Maybe sort of random, but re: the natural tan comment… I am sort of on the opposite end of this spectrum. People constantly ask me where I tan, what special lotion I use, what sort of bronzer I have on. This is seriously just how I look if I spend even a short amount of time outside. I guess because my mother is blonde and my last name is Ferguson, people assume I’m just your “typical white girl” who got her tan from a bed, but I actually got it from my Cherokee grandmother. I’ve learned just to smile and nod and move on, because I hate making people feel like an ass when they are just being nice/curious. I’m glad you were sweet to the lady who complimented you, too.


20 Krista May 21, 2011 at 4:04 pm

Well, I’m convinced! I want to go to Charleston right now, eat that amazing looking breakfast, and maybe even wear that gorgeous dress you are wearing.
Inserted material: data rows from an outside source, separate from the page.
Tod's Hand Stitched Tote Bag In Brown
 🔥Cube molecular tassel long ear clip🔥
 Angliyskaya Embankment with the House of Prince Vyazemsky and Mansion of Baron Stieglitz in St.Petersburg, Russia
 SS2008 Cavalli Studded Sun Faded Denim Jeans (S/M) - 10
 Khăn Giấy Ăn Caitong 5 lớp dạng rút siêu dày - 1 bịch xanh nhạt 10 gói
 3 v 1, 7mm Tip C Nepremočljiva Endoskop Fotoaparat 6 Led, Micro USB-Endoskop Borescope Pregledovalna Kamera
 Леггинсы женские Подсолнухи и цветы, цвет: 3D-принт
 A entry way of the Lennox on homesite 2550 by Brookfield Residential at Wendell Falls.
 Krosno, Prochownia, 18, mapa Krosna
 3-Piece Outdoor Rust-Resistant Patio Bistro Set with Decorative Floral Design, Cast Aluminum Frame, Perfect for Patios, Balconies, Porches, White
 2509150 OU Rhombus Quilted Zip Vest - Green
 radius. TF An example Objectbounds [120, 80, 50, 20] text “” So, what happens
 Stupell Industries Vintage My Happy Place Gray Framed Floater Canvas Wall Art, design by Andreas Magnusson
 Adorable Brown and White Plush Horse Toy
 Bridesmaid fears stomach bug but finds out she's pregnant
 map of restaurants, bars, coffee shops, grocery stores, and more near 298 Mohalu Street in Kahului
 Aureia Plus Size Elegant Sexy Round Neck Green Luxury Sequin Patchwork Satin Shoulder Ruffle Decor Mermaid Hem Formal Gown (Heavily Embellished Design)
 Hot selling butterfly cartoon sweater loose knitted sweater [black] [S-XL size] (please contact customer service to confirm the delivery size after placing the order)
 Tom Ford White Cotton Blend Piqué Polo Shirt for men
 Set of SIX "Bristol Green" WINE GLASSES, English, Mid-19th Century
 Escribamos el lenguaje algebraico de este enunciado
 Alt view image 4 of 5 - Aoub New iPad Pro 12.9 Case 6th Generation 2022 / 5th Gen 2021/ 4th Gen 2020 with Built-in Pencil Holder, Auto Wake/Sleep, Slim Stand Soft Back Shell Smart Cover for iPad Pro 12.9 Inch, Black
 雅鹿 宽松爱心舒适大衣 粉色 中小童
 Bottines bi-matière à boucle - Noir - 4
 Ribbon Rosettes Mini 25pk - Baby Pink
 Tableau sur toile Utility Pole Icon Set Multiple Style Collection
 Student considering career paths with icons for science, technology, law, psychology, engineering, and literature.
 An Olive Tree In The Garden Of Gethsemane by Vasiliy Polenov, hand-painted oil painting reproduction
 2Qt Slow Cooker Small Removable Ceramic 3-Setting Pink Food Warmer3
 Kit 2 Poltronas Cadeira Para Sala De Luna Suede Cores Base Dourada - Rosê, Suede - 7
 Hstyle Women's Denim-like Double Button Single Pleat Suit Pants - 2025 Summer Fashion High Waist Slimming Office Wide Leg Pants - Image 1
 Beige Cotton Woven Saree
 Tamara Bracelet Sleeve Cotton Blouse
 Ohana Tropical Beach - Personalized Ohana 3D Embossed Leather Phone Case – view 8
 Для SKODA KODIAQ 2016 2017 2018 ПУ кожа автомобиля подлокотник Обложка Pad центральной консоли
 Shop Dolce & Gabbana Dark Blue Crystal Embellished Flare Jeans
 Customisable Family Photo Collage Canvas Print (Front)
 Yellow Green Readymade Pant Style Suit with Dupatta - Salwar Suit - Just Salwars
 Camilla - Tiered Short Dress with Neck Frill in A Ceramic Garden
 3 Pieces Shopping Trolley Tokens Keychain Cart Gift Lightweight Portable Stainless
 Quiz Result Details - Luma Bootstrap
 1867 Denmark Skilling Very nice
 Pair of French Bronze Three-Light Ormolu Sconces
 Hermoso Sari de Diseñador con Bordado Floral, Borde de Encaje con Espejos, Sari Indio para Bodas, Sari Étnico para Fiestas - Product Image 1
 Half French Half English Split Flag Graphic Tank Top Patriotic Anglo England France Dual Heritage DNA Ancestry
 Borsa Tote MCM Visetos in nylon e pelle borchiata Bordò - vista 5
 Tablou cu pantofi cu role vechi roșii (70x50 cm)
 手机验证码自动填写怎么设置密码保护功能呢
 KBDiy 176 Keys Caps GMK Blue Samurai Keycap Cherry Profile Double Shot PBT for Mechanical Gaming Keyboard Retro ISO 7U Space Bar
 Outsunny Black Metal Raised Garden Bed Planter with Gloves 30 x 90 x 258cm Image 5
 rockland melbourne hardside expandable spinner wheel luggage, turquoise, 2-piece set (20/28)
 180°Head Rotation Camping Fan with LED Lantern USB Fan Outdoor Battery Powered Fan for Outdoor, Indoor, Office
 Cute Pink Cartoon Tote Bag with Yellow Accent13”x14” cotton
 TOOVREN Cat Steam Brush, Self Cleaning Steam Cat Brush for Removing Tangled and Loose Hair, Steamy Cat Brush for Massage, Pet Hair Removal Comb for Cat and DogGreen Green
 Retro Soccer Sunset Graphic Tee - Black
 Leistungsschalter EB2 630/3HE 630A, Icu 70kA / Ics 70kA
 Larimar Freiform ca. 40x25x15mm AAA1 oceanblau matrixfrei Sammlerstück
Sounds like a great day of vacation!


21 Hannah May 21, 2011 at 4:43 pm

Wow, the more I see of Charleston, the more I want to go!
That Big Nasty looks delicious… terrifyingly delicious.


22 Matt May 23, 2011 at 1:44 pm

I was in Charleston this weekend for a wedding and at one point went “I think I know that person”, but couldn’t figure out how…I’m thinking now it may have been you and Eric. Weird.

Charleston is an amazing town. I hope you two got to go to Hyman’s Seafood. Amazing food there.

Either way, looks like you two had a blast.


23 Rachel May 23, 2011 at 2:06 pm

That is so weird! Where did that happen? What day was it?

It was SUCH a blast indeed!


24 Hana May 25, 2011 at 2:29 pm

Hi Rachel! I just discovered your awesome blog and had to laugh at the part about the lady commenting on your natural tan. I’m black, japanese and white and no one ever believes me when I tell them that my “tan” is from being African American. Oh people. Anyway, cheers to an awesome read!